> **WHAT IS EXPECTED**:
Set the listing down again exactly, please, apart from its pictures.

> **DATA SHOWN**:
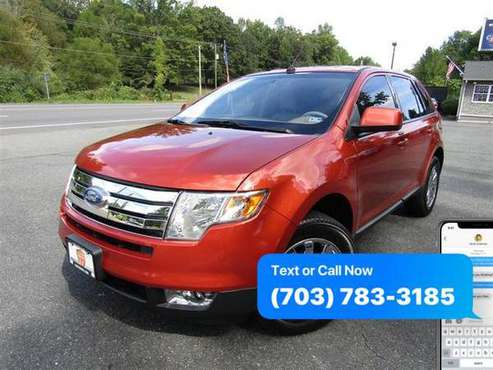 2007 FORD EDGE SEL ~ WE FINANCE BAD CREDIT for sale in Stafford, VA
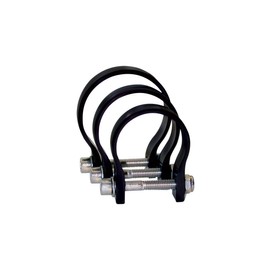 Axia Alloys Modular Roll Cage Strap Clamp, 2.75in. - Black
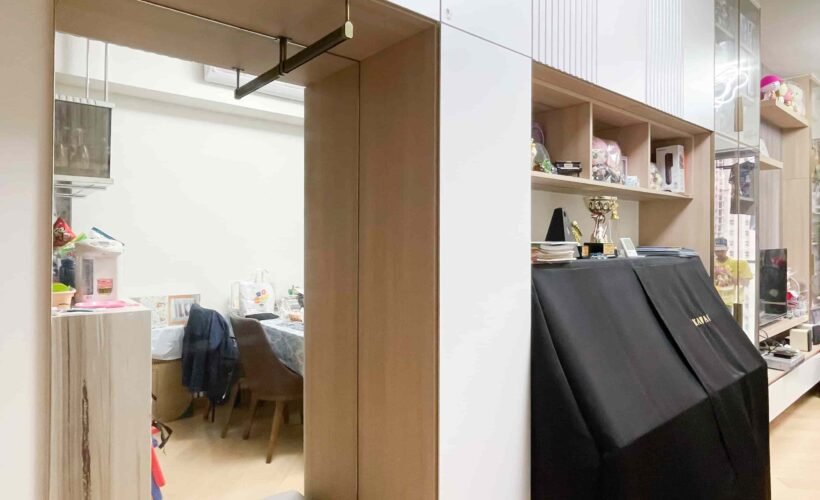 將軍澳-天晉二期-裝修案例展示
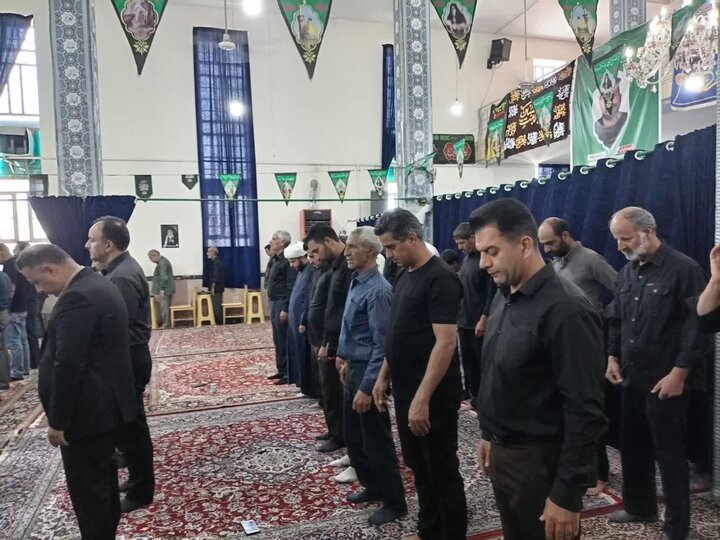 تصاویر/ اقامه نمازجمعه شهر چترود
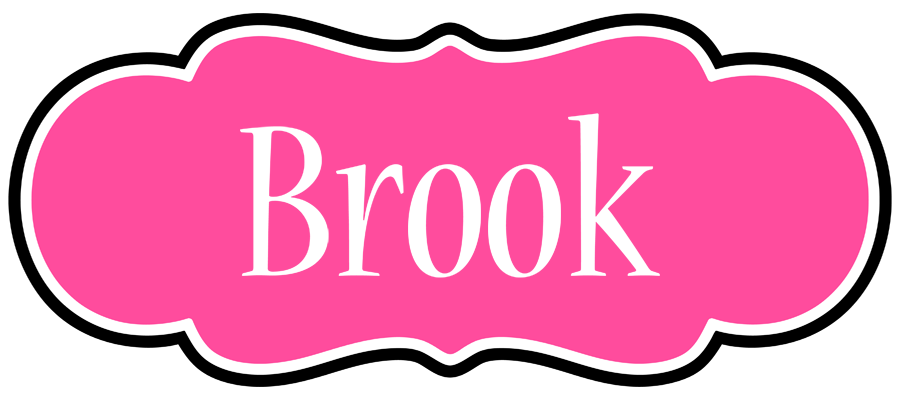 Brook invitation logo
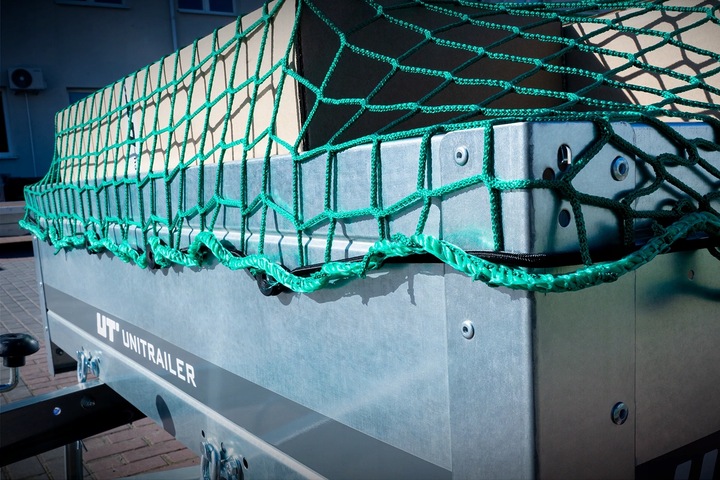 Siatka zabezpieczająca UNITRAILER rozm. 2.5x1.5 m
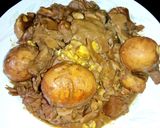 Foto langkah ke 5 dari resep Gudeg Nangka Telur Khas Jogja.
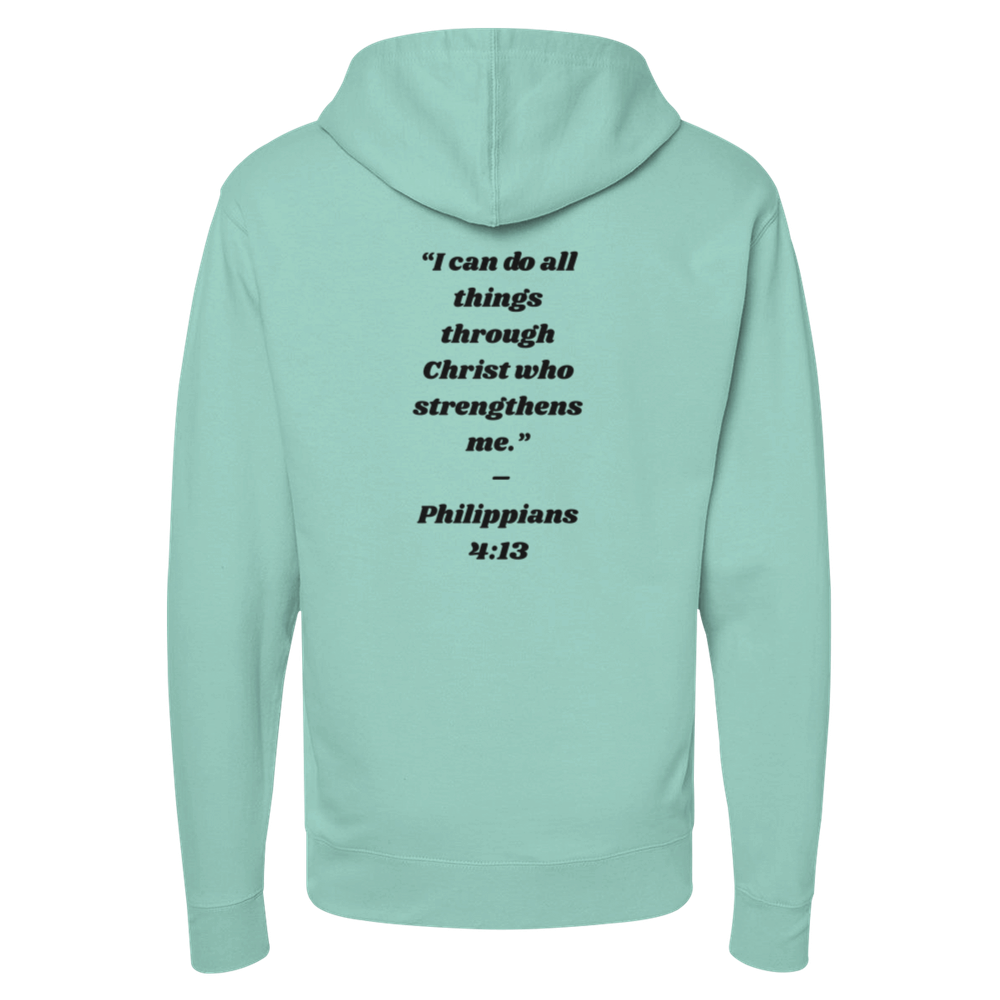 "Philippians 4:13" Flex Hoodie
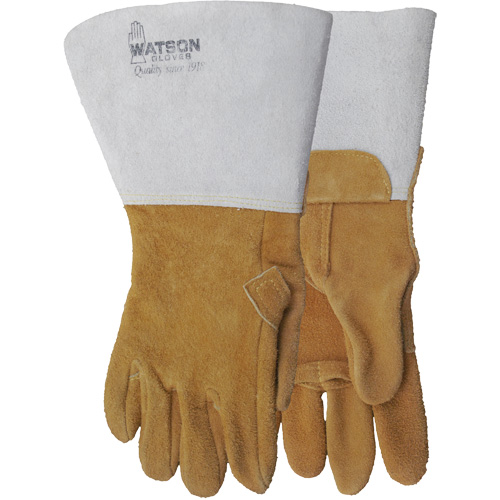 Gants de soudage 285 Buck-Tex, Cuir refendu, Taille 9 Distribution Industrielle GC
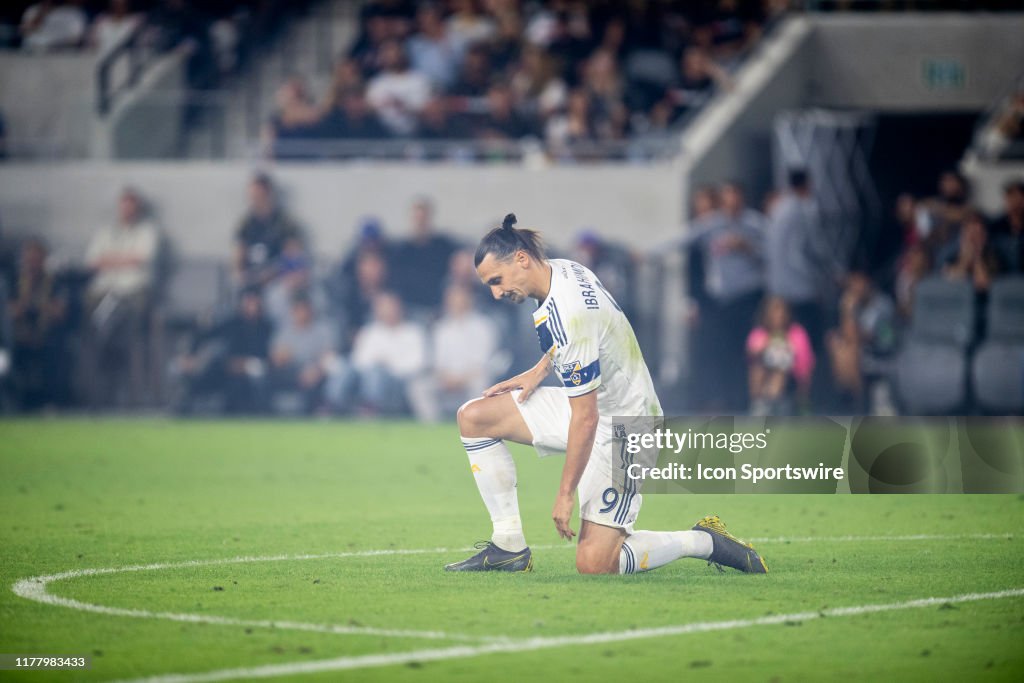 SOCCER: OCT 24 MLS Cup Playoffs - LA Galaxy at LAFC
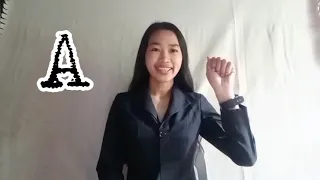 Sign Language "Alphabet"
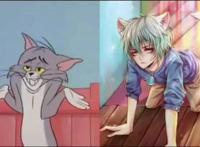 当动漫中的动物拟人化，黑猫警长帅气逼人，他却如此可爱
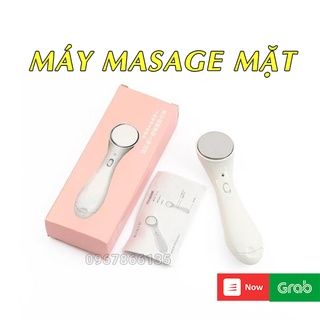 Máy di tinh chất massage mặt ION nâng cơ dưỡng da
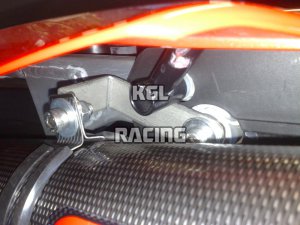 GPR for Bmw G 650 X-Count.-Chall-Moto 2006/12 - Homologated with catalyst Slip-on - Gpe Ann. Titaium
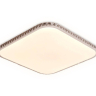 Потолочный светодиодный светильник с пультом ДУ ИК Ambrella light Crystal FF75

> **RESULT OF THIS TASK**:
 2007 FORD EDGE SEL ~ WE FINANCE BAD CREDIT for sale in Stafford, VA
 Axia Alloys Modular Roll Cage Strap Clamp, 2.75in. - Black
 將軍澳-天晉二期-裝修案例展示
 تصاویر/ اقامه نمازجمعه شهر چترود
 Brook invitation logo
 Siatka zabezpieczająca UNITRAILER rozm. 2.5x1.5 m
 Foto langkah ke 5 dari resep Gudeg Nangka Telur Khas Jogja.
 "Philippians 4:13" Flex Hoodie
 Gants de soudage 285 Buck-Tex, Cuir refendu, Taille 9 Distribution Industrielle GC
 SOCCER: OCT 24 MLS Cup Playoffs - LA Galaxy at LAFC
 Sign Language "Alphabet"
 当动漫中的动物拟人化，黑猫警长帅气逼人，他却如此可爱
 Máy di tinh chất massage mặt ION nâng cơ dưỡng da
 GPR for Bmw G 650 X-Count.-Chall-Moto 2006/12 - Homologated with catalyst Slip-on - Gpe Ann. Titaium
 Потолочный светодиодный светильник с пультом ДУ ИК Ambrella light Crystal FF75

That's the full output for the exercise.